Réponse apportée en séance publique le 12/04/2023

M. le président. La parole est à Mme la Première ministre.

Mme Élisabeth Borne, Première ministre. Madame la présidente Éliane Assassi, depuis plusieurs semaines, certains, à l'Assemblée nationale, au Sénat ou dans des interviews, dénoncent ce qu'ils appellent « une dérive autoritaire ». C'est une accusation tout aussi grave que mensongère.

Notre État de droit et notre République reposent sur des libertés fondamentales.

Ces libertés, nous les défendons et nous les défendrons. Les associations de défense des libertés publiques et des droits de l'homme mènent également ce combat, et je crois que personne ici ne peut contester sérieusement qu'elles ont, dans notre pays, la capacité de prendre position et de s'exprimer librement, pleinement et sans restriction. C'est indispensable, et nous veillerons à ce que cela demeure.

Comme d'autres acteurs associatifs, la Ligue des droits de l'homme joue son rôle en observant, en critiquant et en exigeant des réponses des acteurs publics. Lorsque l'État est mis en cause, nous écoutons et nous le prenons en compte. Je souhaite, comme tous les membres du Gouvernement, que les associations de soutien aux droits de l'homme poursuivent leur action de vigie, d'ailleurs largement financée par l'État et les collectivités.
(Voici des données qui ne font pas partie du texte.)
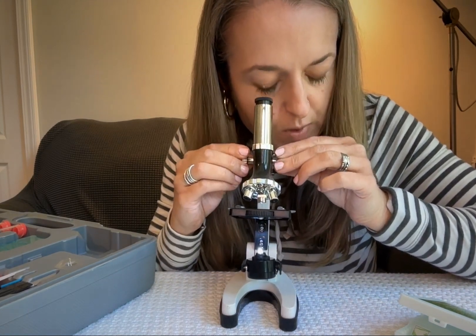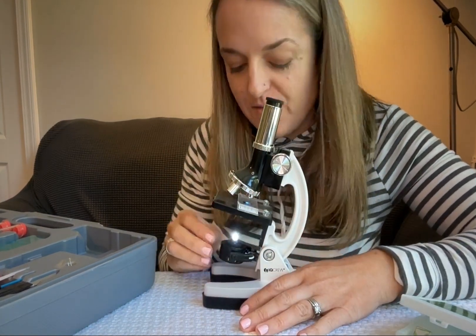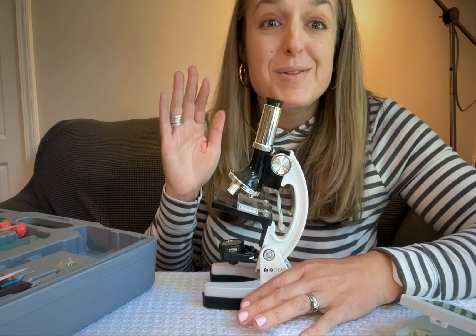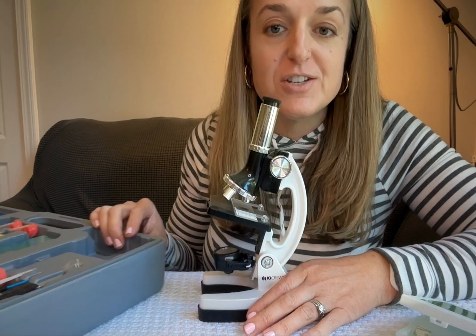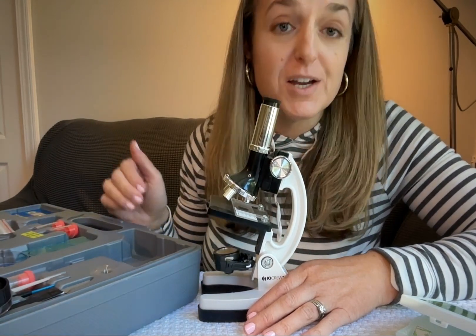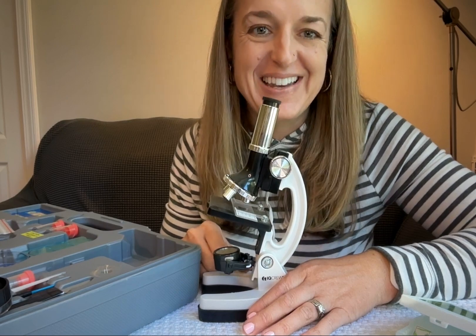This is a great tool, especially for kids who are just starting to discover the world of the microscopic and getting curious about their world. This kit has basically everything that you could dream of for a young explorer, so it's a really great set and I do highly recommend it.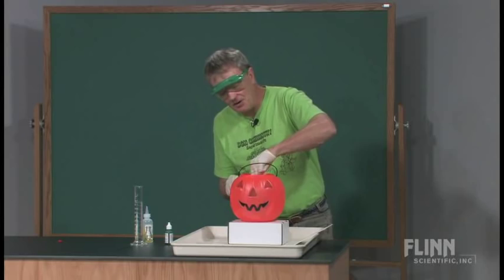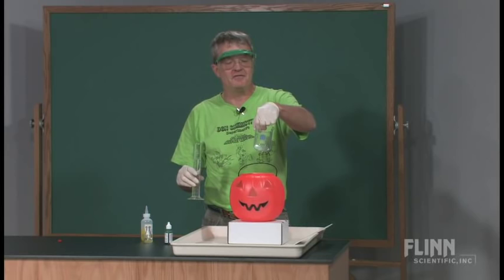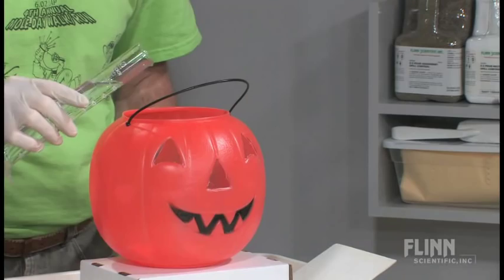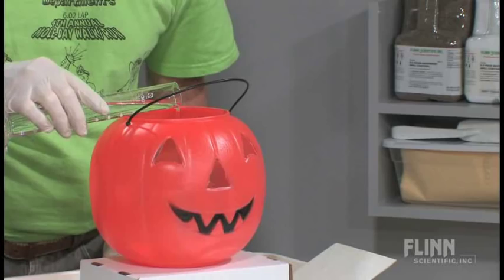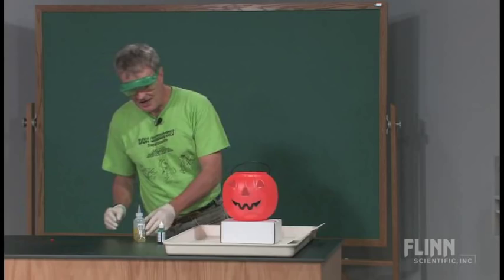Down inside the pumpkin right now I have a beaker — it says 250 milliliters on the front. I'm going to dump into it 100 milliliters of hydrogen peroxide, so I'll pour that down in there carefully. It falls into the container, and I'll set my graduated cylinder off to the side.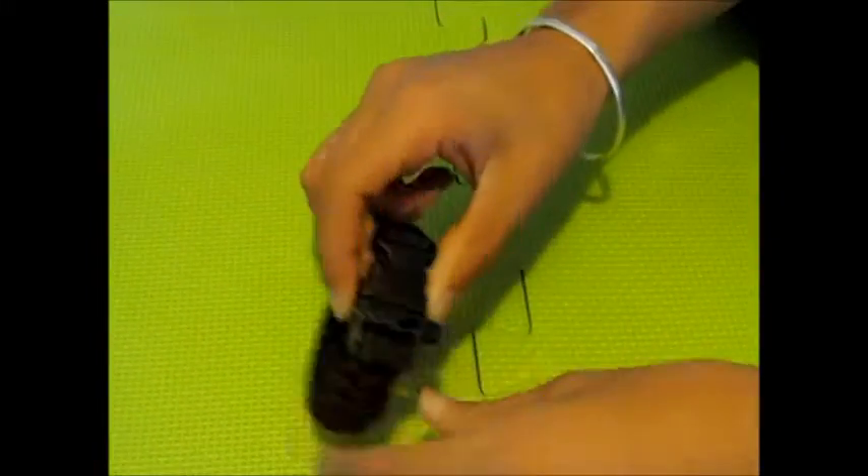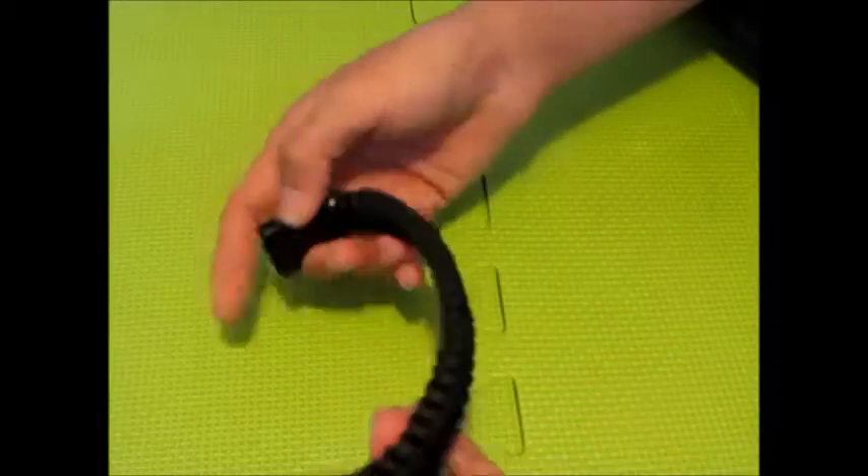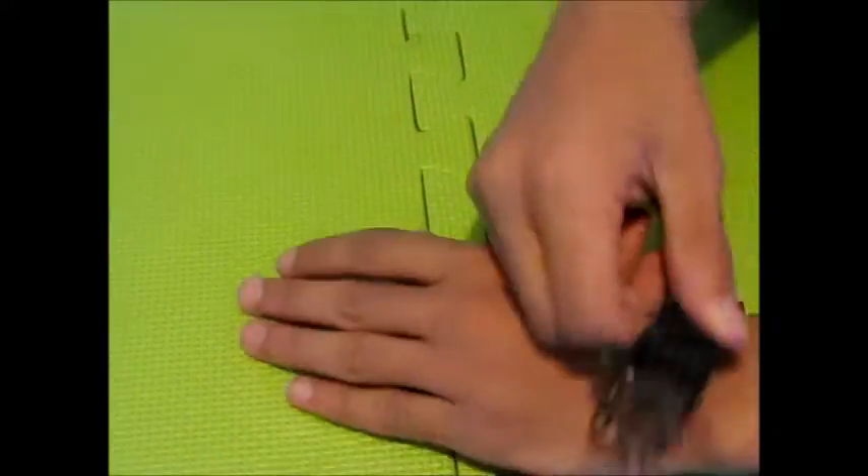It's just a normal bracelet — you just put it on. There's a whistle right here, you just blow into it. It's great for survival situations; you just put it on your wrist like that.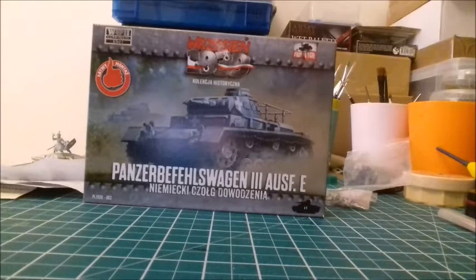Welcome back to A Bit Gamey and a review of one of the First to Fight kits, the Panzer 3 Ausführung with a Panzer 3 Command Vehicle apparently.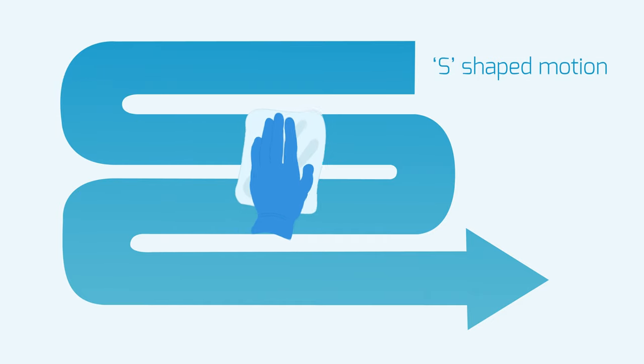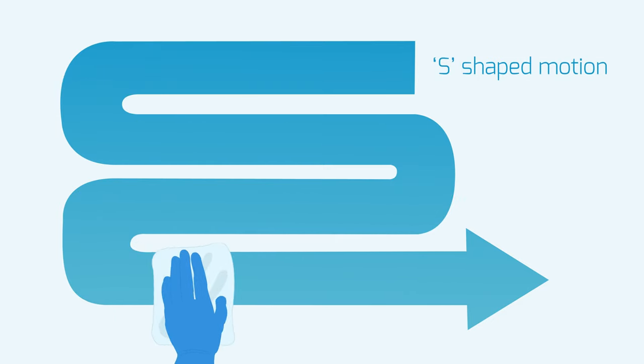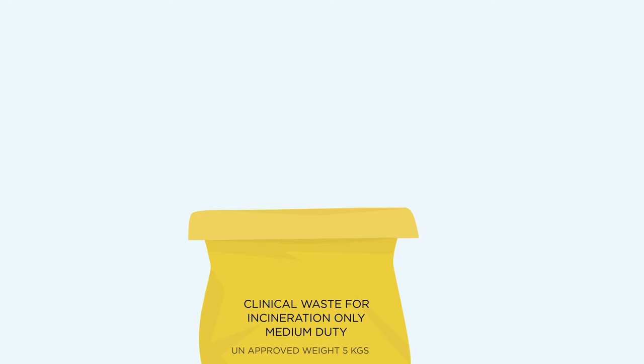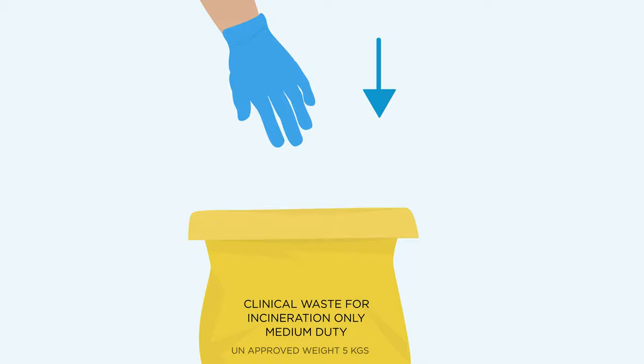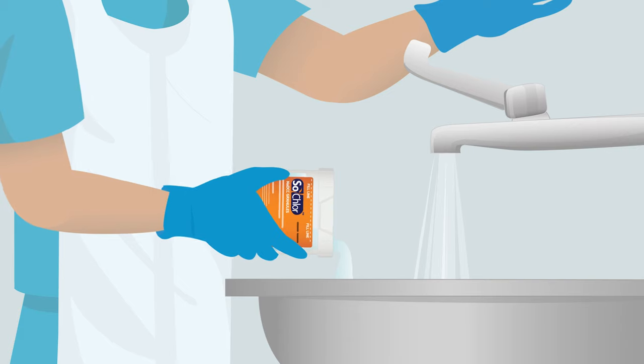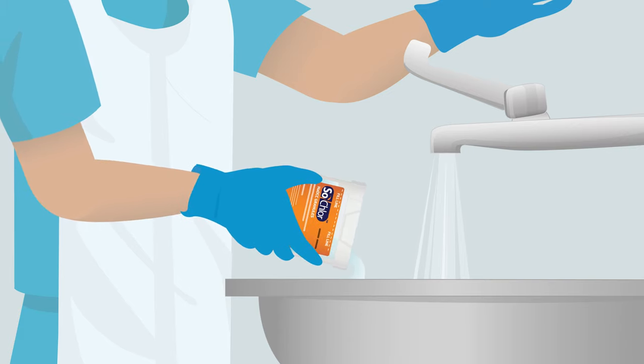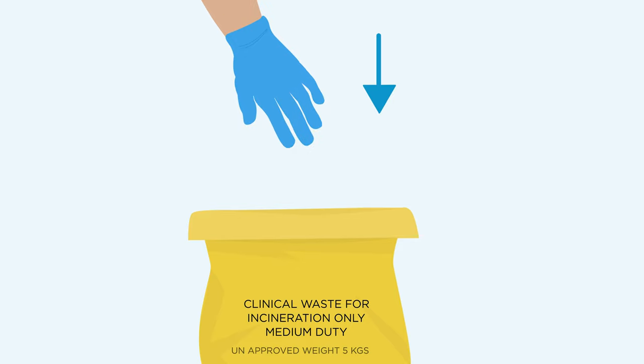Use the wetted paper towels to wipe the spill area and any splashes, always wiping in an s-shape motion. Dispose of used paper towels in the bag provided. Pour remaining solution down sluice or sink with running water. Be careful not to contaminate handles with gloves. Then put the empty container in the yellow waste bag provided.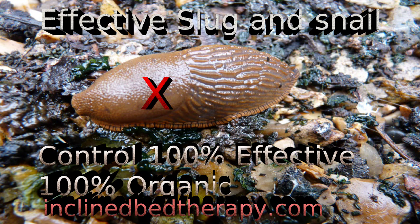We're going to make a simple slug trap so there's no chemicals being used in our organic garden to get rid of slugs and snails.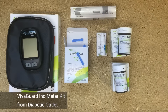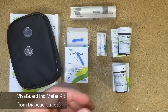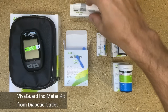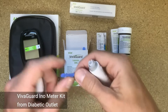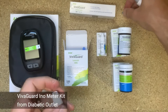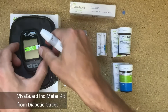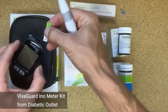Let's do a blood glucose test. We'll start by putting a lancet in the lancing device. And then we'll put the strip in the blood glucose meter, and we'll put it in the right way.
Il n'est donc pas question de baisser par principe la subvention de telle ou telle association. Mais dialoguer avec ces structures sur leurs actions est aussi une responsabilité, dès lors qu'il s'agit de financement public.

Madame la présidente Assassi, pour en revenir à la Ligue des droits de l'homme, je connais l'histoire de cette grande association.

Pendant longtemps, l'histoire de l'émancipation républicaine et celle de la LDH se sont mêlées. L'universalisme était un terreau commun. Il y a toujours eu des débats exigeants, des confrontations parfois. Sans remonter à l'affaire Dreyfus, je pense à l'engagement de Madeleine Rebérioux ou de Me Henri Leclerc. (M. Éliane Assassi approuve.)

Je crois que, au fond, c'est essentiellement à cette histoire collective que les signataires de l'appel au soutien de la LDH figurant à la une de L'Humanité ce matin disent leur attachement.

J'ai beaucoup de respect pour ce que la LDH a incarné, mais je ne comprends plus certaines de ses prises de position.

M. Marc-Philippe Daubresse. Très bien !

Mme Élisabeth Borne, Première ministre. Cette incompréhension n'est pas nouvelle. Elle s'est fait jour dans les ambiguïtés de cette association face à l'islamisme radical et elle s'est confortée depuis quelques mois. (Applaudissements sur les travées des groupes RDPI, INDEP, RDSE, UC et Les Républicains.)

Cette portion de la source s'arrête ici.